LONG ISLAND CITY — The war of petitions over street parking has kicked into high gear.

A proposal to bring street cleaning and alternate side parking to Hunters Point, inspired by a petition started last year, has spurred fierce opposition from some residents, who launched their own counter-petition to fight the plan.

"I have 363 [signatures], and I have many, many more that I haven’t even collected from my neighbors on my street, who are all against it," said Doreen Dwyer, a longtime resident who recently started a petition against the proposal both online and on paper.

The street cleaning plan is being explored by Queens Community Board 2 and Councilman Jimmy Van Bramer, who asked the Department of Sanitation to come up with a strategy for the neighborhood after getting numerous complaints about dirty streets.

According to a presentation last month, the proposal would bring street sweepers twice a week to blocks in Hunters Point west of Jackson Avenue, between 45th and Borden Avenues.

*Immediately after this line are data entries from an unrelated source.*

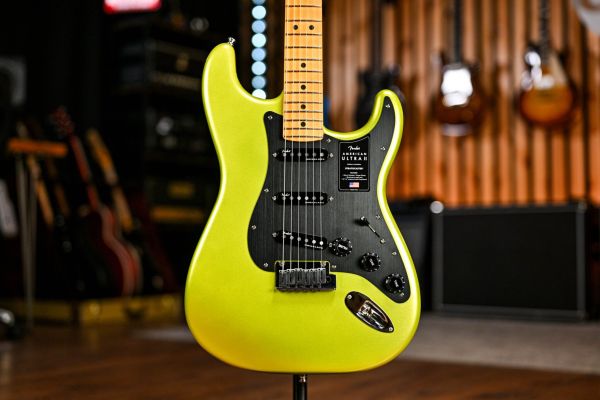 Fender American Ultra II Stratocaster in Solar Flare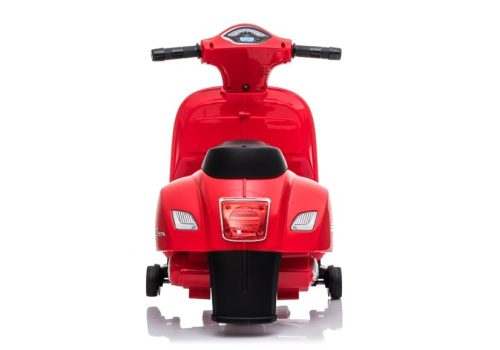 Piros elektromos robogó Vespa GTS 300 Mini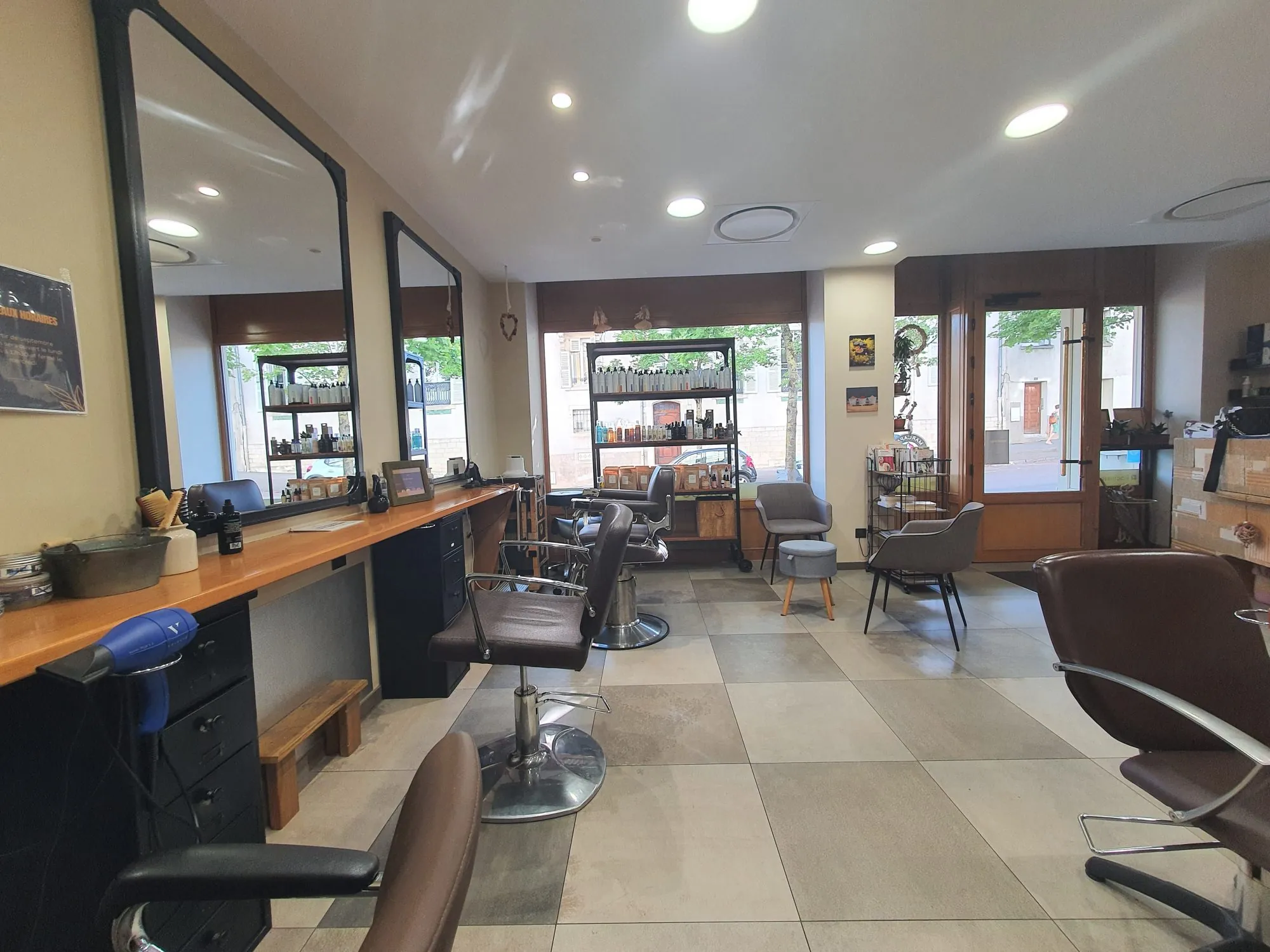 Fonds de commerce salon de coiffure bio à Dijon 55 m² 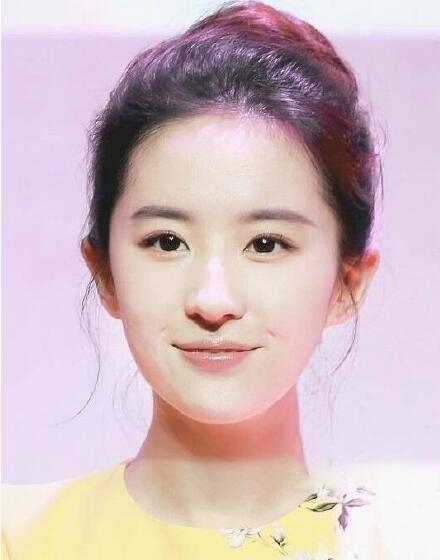 被刘亦菲这张横跨13年侧颜照惊艳到了 网友：美人不怕岁月无情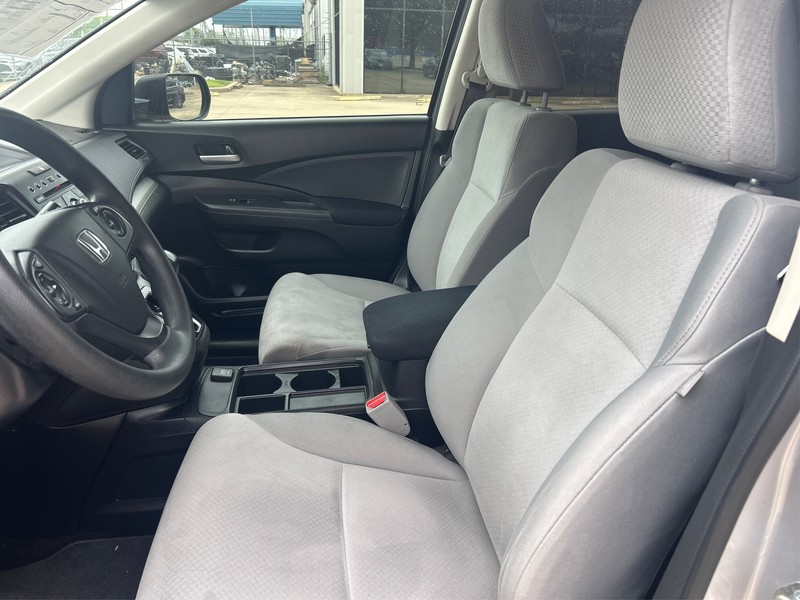 Honda CR-V Vehicle Full-screen Gallery Image 9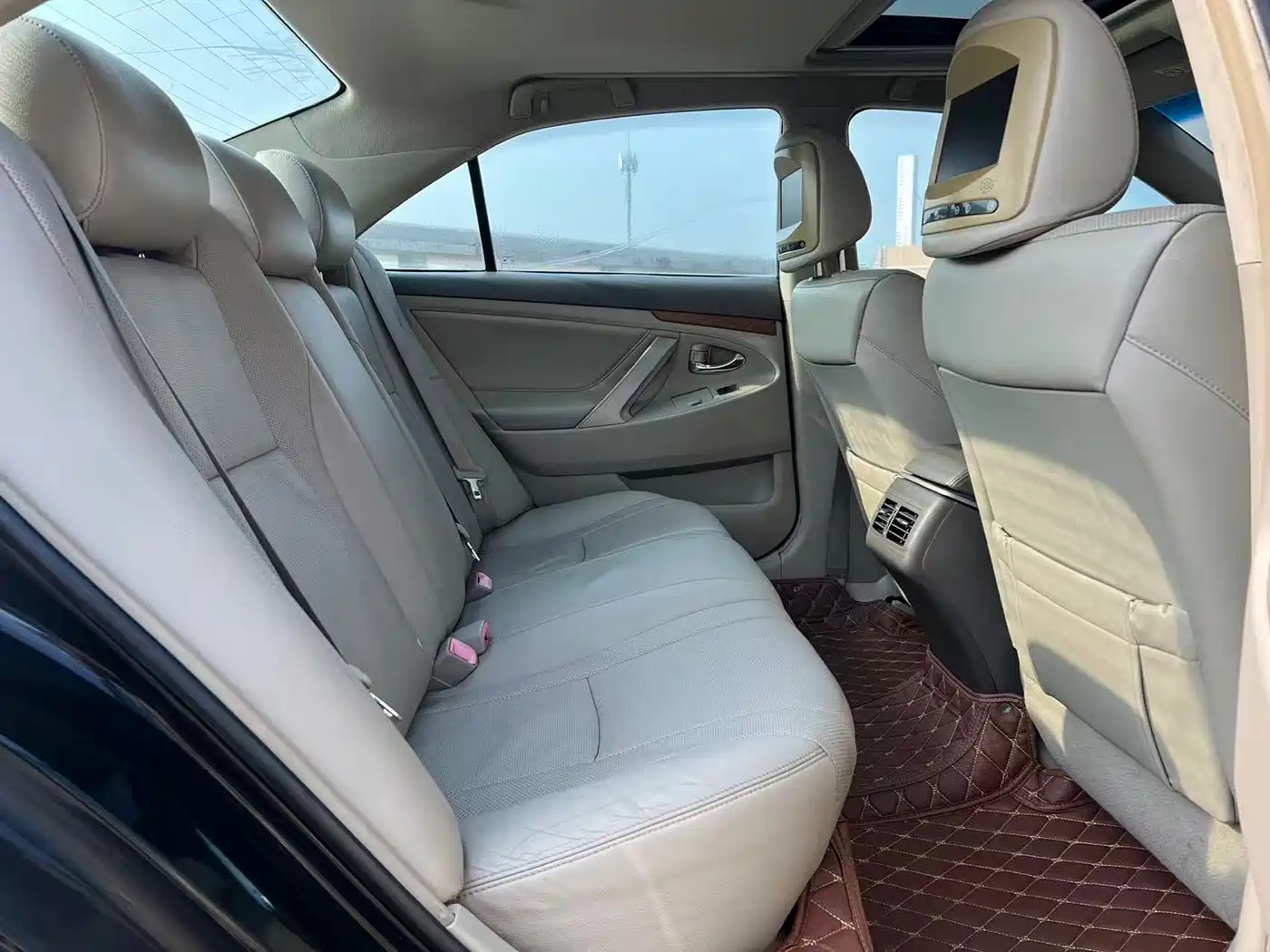 Toyota Camry 2010 200G Classic Edition фото 14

The petition in favor of the plan notes that alternate side parking would help stop those who don't live in the area — which some have said are Manhattanites — from using Hunters Point as a parking garage, leaving their cars parked for days at a time.

But opponents say the plan would make parking in the neighborhood a nightmare, and would add to the air pollution from idling cars forced to shuffle around the neighborhood in search of a spot.

CB2 Chairman Joe Conley said the board has extended its time for accepting public comment on the proposal since the issue has become such a contentious one.

"There's no deadline, there's no timeline to make a decision," he said at the monthly board meeting last week. "It's still open for discussion."

In addition to collected paper signatures, the online petition in favor of the plan has almost 500 signatures so far while the opposition has 218.

Dwyer said she hopes the board will giver her and her neighbors extra time to garner support, since the other petition was started last fall and hers was launched just last month.

"I think that they should give us equal time to get these signatures. They need to stop that petition and give me another two months to get mine," she said.

It's not clear who started the petition in support of the plan. Dwyer said she thinks many of those in favor live in the neighborhood's many newer luxury condo and rental buildings, which often come with reserved parking spots for tenants.

She's wary that she'll be able to succeed in keeping alternate side parking at bay.

"We don’t stand a chance against the high rise buildings," she said. "We are outnumbered, by far."